Release

PATTI HASSLER TO LAUNCH "60 MINUTES GLOBAL," A NEW INITIATIVE TO FRANCHISE THE HIT NEWS MAGAZINE WORLDWIDE AND BILL OWENS IS PROMOTED TO EXECUTIVE EDITOR

Longtime CBS News and 60 MINUTES executive Patti Hassler will launch "60 MINUTES Global," a new initiative aimed at franchising America's number one news magazine worldwide and extending its content to more digital platforms, it was announced today by Jeff Fager, executive producer, 60 MINUTES.

 

Hassler, who was executive editor of 60 MINUTES, retains that title in the new unit.  Bill Owens, formerly senior broadcast producer for 60 MINUTES, becomes the new executive editor of 60 MINUTES.

 

60 MINUTES Global plans to offer the 60 MINUTES brand of journalistic excellence in countries that want to produce their own local version. It will also focus on new digital enterprises and oversee the current range of content produced by 60 MINUTES for cable networks and the internet, including 60 MINUTES on Yahoo.

 

"Patti, with almost 30 years at the broadcast, knows 60 MINUTES better than anyone," said Fager.  "She has excelled at every level.  Her talents and her experience make her the perfect person for this important position."   Of Owens' promotion, Fager said, "Bill is a great reporter with extensive experience covering every kind of story in his many years at CBS News and here at 60 MINUTES.  He will be a strong executive editor -- only the fourth person to hold the job in 40 years of 60 MINUTES."

 

Hassler has spent most of her 30 years at CBS News at 60 MINUTES, first at the original broadcast, where she started her career in 1978 and went on to produce nearly 70 stories for Harry Reasoner and Morley Safer.
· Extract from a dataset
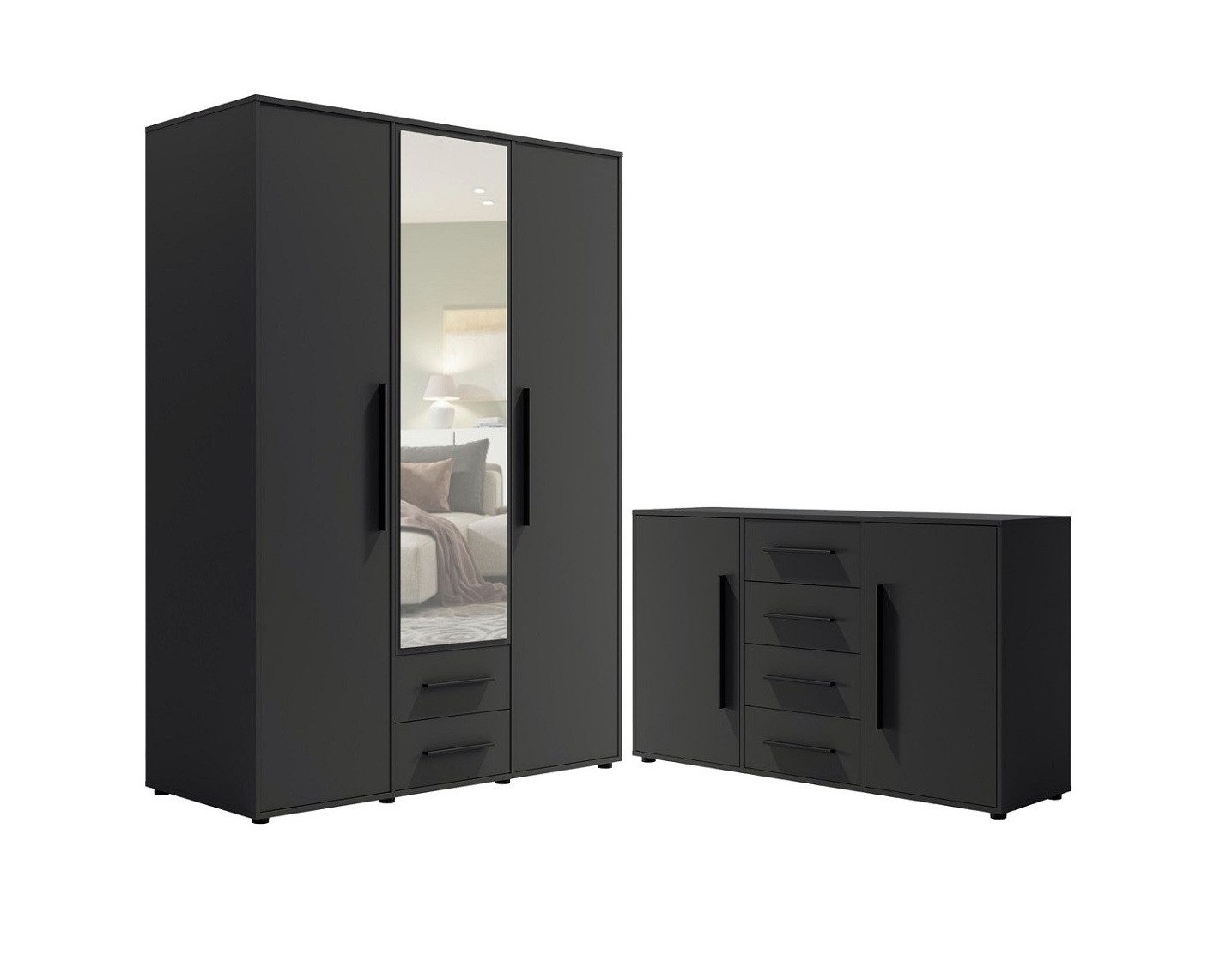 Marmex Möbel Garderobenschrank Maxione MX-SET C dreitüriger Spiegelschrank und Kommode (2-St) Kleiderstangen, Schubladen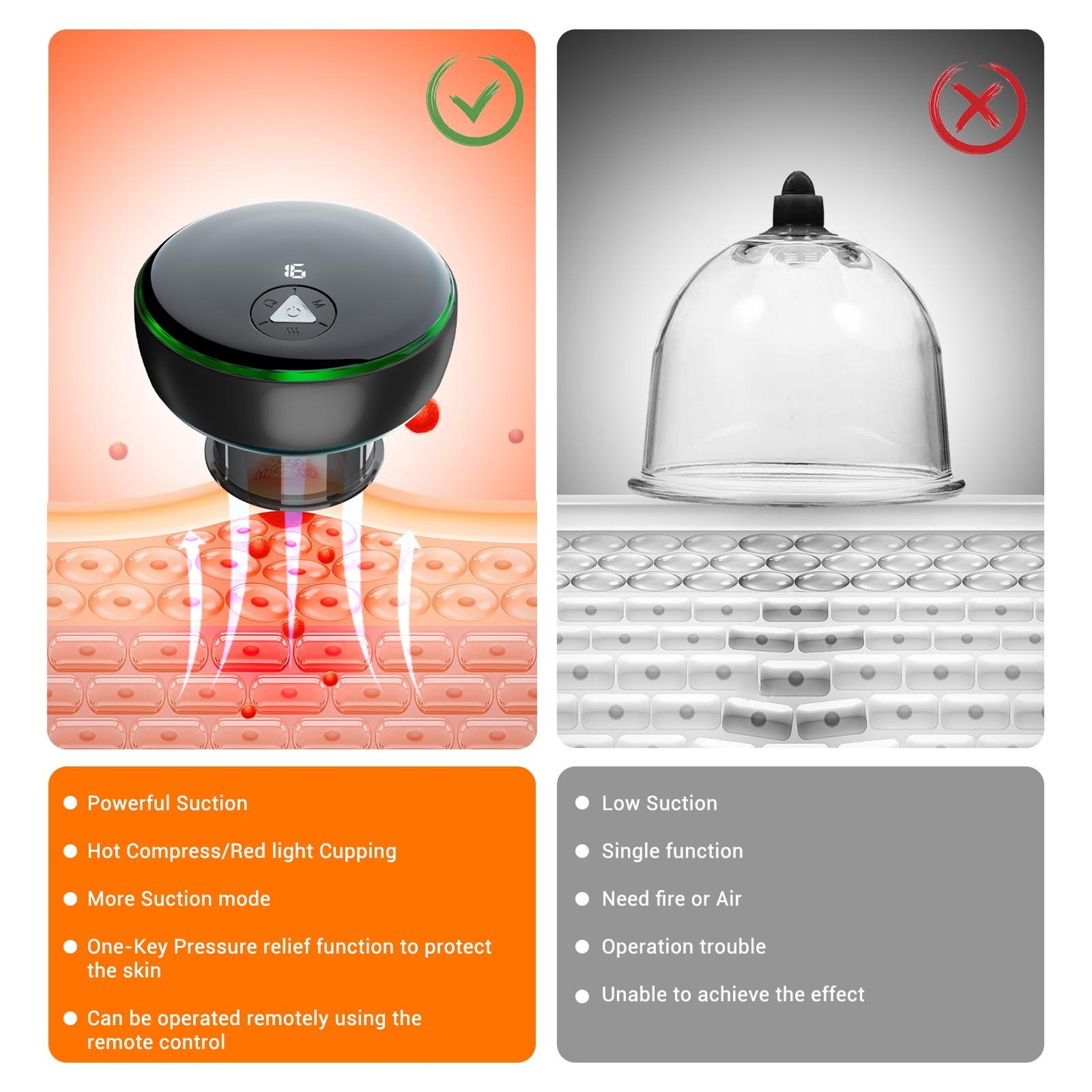Smart Heated Electric Cupping Massager With Remote Control  Deep Tissue Heat Therapy 5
She helped launch 60 MINUTES II as its senior producer in August 1998 and was named its executive editor in December 1999.  In 2004, she became executive editor of 60 MINUTES.

 

Between her roles at the 60 MINUTES franchise, Hassler served as an executive producer at CBS News Productions (1996-98), overseeing documentaries produced for The Discovery Channel and The Learning Channel, as well as a 13-part series on the history of country music for The Nashville Network, among other projects.  She also was responsible for CBS News Productions' contribution to "Biography: This Week" for the A&E Television Network and, in August 1996, was named director of programming for the unit.  

 

Owens had been senior broadcast producer of 60 MINUTES since June 2007.  He joined the program from the CBS EVENING NEWS, where he was that broadcast's senior broadcast producer since January 2006.  Before that, Owens produced segments for correspondent Scott Pelley, first for 60 MINUTES II (2000-03) and then for 60 MINUTES (2003-06).

 

He was CBS News' White House producer (1996-2000), working with Pelley, Bill Plante and Rita Braver.  Prior to that, he was a producer for the CBS EVENING NEWS in Washington, D.C. (1994-96).  Owens was the anchor producer for Paula Zahn and Harry Smith (1993-94) and the coordinating producer for "CBS This Morning" (1991-93) in New York.  He also served as a national desk assignment editor and field producer (1990-91), as well as a desk assistant for CBS News and for WCBS-TV, the CBS Owned station in New York (1988-90).  He began his journalism career in 1988 as a summer intern for CBS News working at the national political conventions in Atlanta and New Orleans.

 

60 MINUTES is the most successful broadcast in the history of television whose commitment to journalistic excellence still attracts the largest news audience. 60 MINUTES made the weekly top-10 most watched programs list 16 out of 33 weeks this past season, finishing as the number-one news program, more than five million viewers ahead of its nearest news magazine competition. 60 MINUTES celebrates its 40th anniversary on September 24, 2008.